What the task asks:
Starting at the line with "Team gpm red", return every line through the final one of the data, word for word. Pictures stay out.

[Short text fragments from websites]
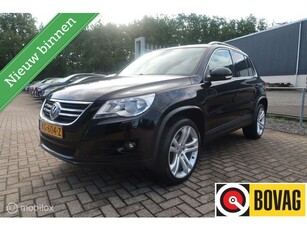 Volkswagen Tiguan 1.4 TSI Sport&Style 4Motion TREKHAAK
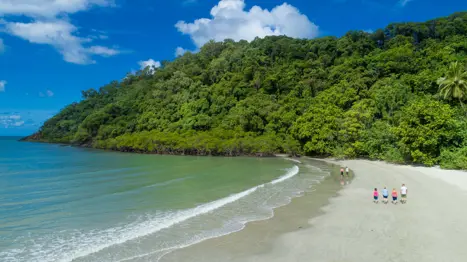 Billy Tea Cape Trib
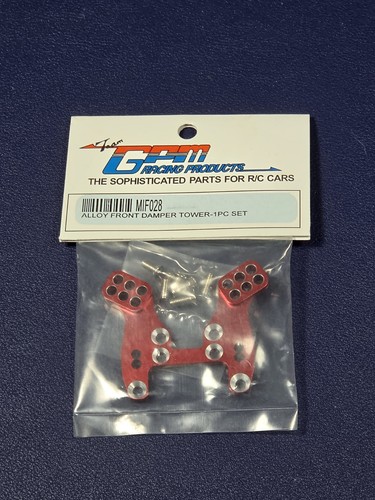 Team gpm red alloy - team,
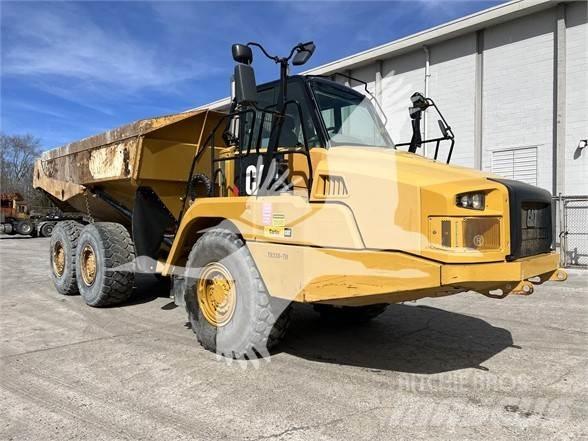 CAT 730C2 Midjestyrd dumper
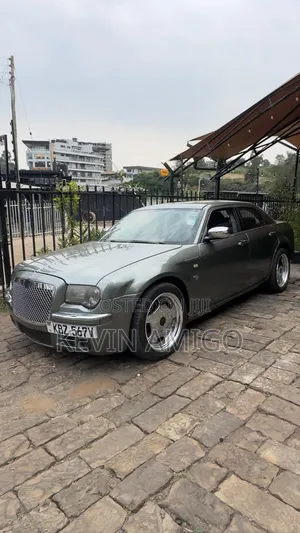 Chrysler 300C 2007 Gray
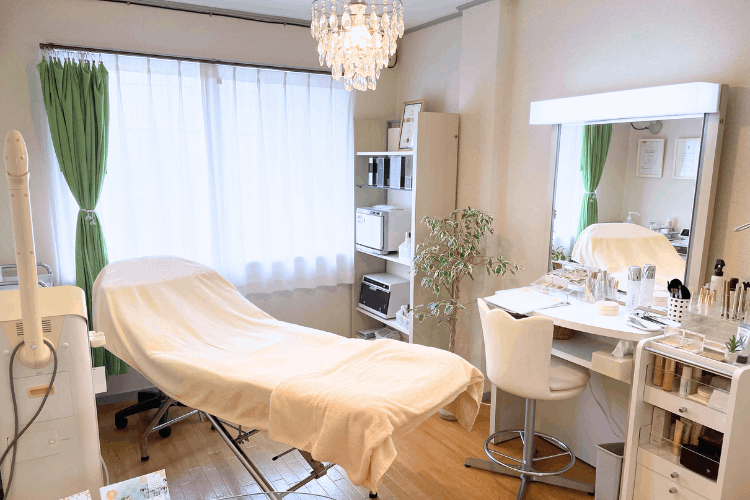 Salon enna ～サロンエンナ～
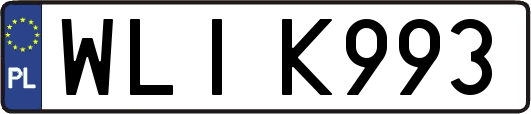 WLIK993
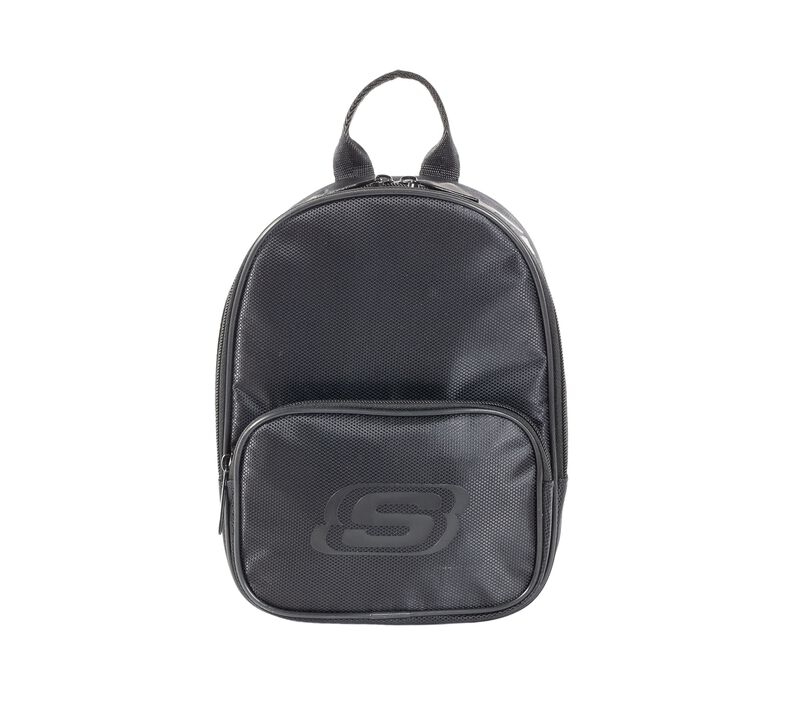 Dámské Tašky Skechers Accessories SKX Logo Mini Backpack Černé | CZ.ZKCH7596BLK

Answer section:
 Team gpm red alloy - team,
 CAT 730C2 Midjestyrd dumper
 Chrysler 300C 2007 Gray
 Salon enna ～サロンエンナ～
 WLIK993
 Dámské Tašky Skechers Accessories SKX Logo Mini Backpack Černé | CZ.ZKCH7596BLK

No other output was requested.